As for me, I am putting bandaids on my soles and building up my cultural callouses.

*  I still have quite a few tales to tell about my China trip.  But the urge to write about Mexico cannot be denied.  So, I will intersperse the occasional Hispanic tale among my Sinolese commentary.  

10 comments:

  1. I was thinking of your electrical problems just yesterday. Was it the grounding rod at the fuse box? A bit of wire crossing over?
    The bandits on the road thing is something I fear on my backroads wanderings, I fear not going more. Life is too short to fail to drink at the water hole because the lions might be around-I do try to keep an eye out for them...
    Get some moleskin for those blisters and keep on trucking.

    ReplyDelete
  2. I have not had an opportunity to tackle the electrical issue. I have been on the road since I wrote about it.
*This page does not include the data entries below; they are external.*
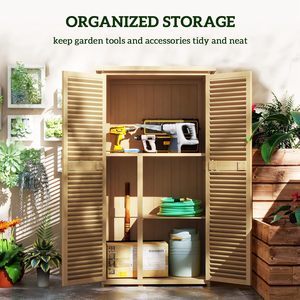 Armoire de rangement en bois <span class=keywords><strong>pour</strong></span> l'extérieur 2 grandes portes en bois Abri de jardin avec toit en asphalte à verrouillage jaune <span class=keywords><strong>pour</strong></span> le rangement extérieur - Product Image 3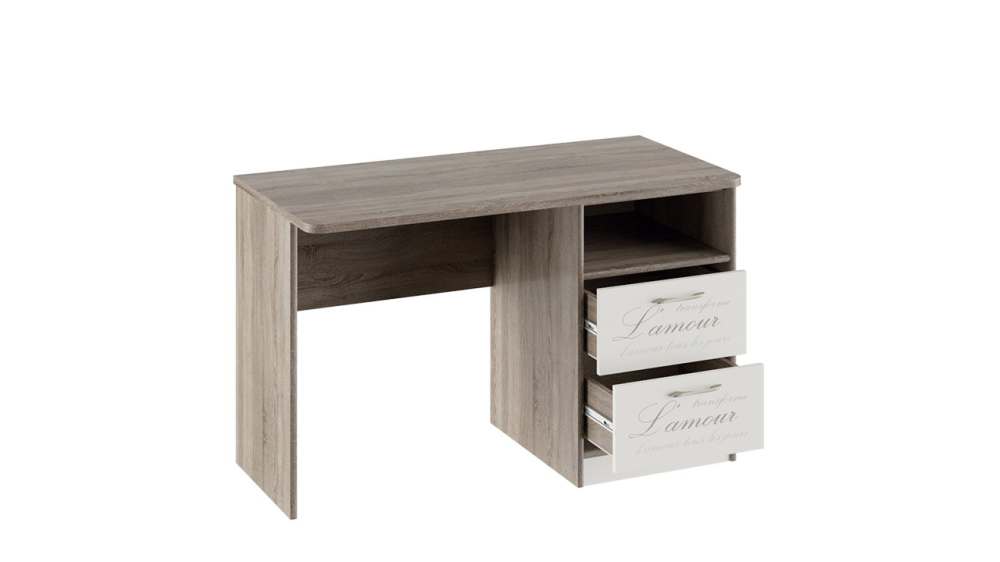 Стол с ящиками «Брауни» (Фон бежевый с рисунком/Дуб Сонома трюфель)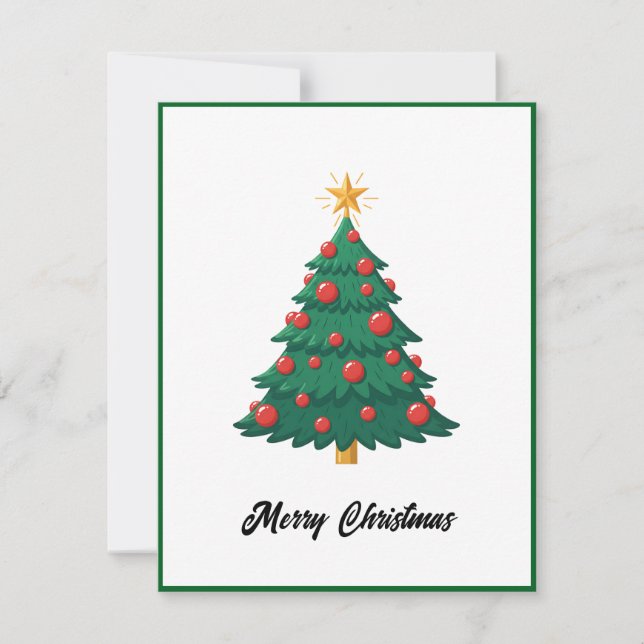 Elegant Modern Non Photo Christmas Tree Holiday Card (Front)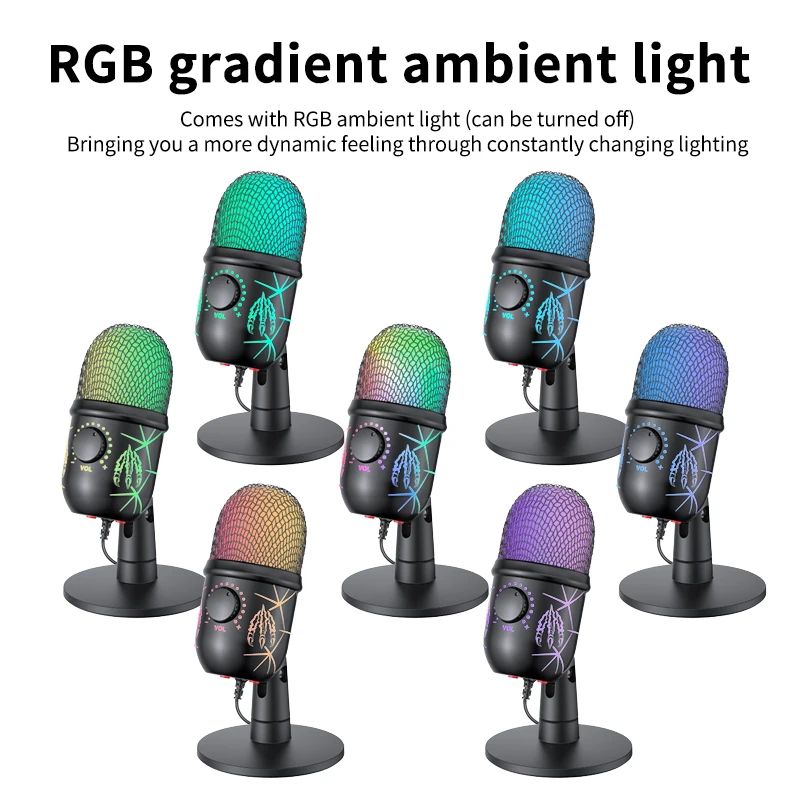 RGB USB Gaming Microphone With Noise Reduction RealTime Monitoring For Streaming Podcasting 3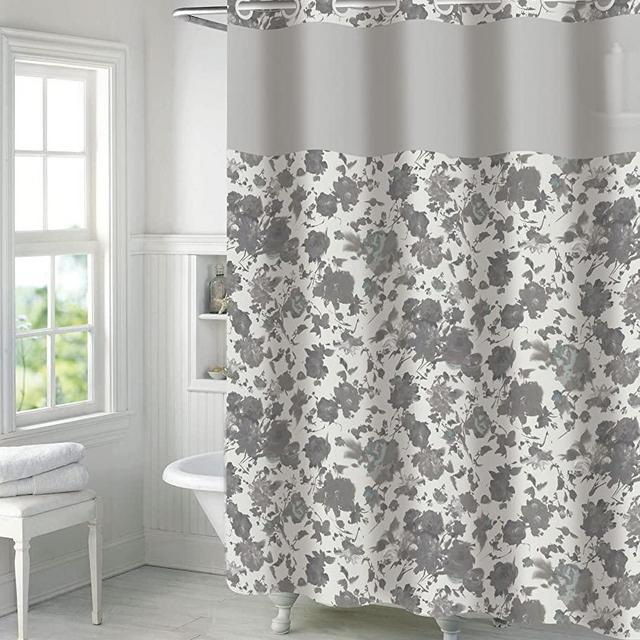 Hookless Snow White Faux Silk Shower Curtain with Peva Liner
    For today, I am slipping on a pair of shoes to go to church. That will give the blisters a chance to harden up.

    ReplyDelete
  3. The word on the Thorn Tree, Mexico Branch, from "JR in PV" is that there was one gunman with a pistol.
    Still, not a Fun Ship day for the Carnival Cruisers on that shore excursion.

    Saludos,Don Cuevas 

    ReplyDelete
  4. Just one more reason not to gad about with a gaggle of Gringos in Bermuda shorts and dangling cameras.

    ReplyDelete
  5. In your 3 months of travel you also passed through various climates, being in the NE even though mild for winter this year, I would welcome Melaques with open arms.

    ReplyDelete
  6. It is nice to be back here. But the nights have been a bit cool. In the mid-60s.

    ReplyDelete
  7. But it does make for interesting tales. I am starting to feel a bit like Mark Twain. Though the writing does not quite match the assertion.

    ReplyDelete
  8.  Me, too.  I really appreciate the freedom of Mexico after the authoritarianism of China.

    ReplyDelete
  9.  It has taken me a bit to realize just how flexible facts can be when crimes are committed in our adopted land.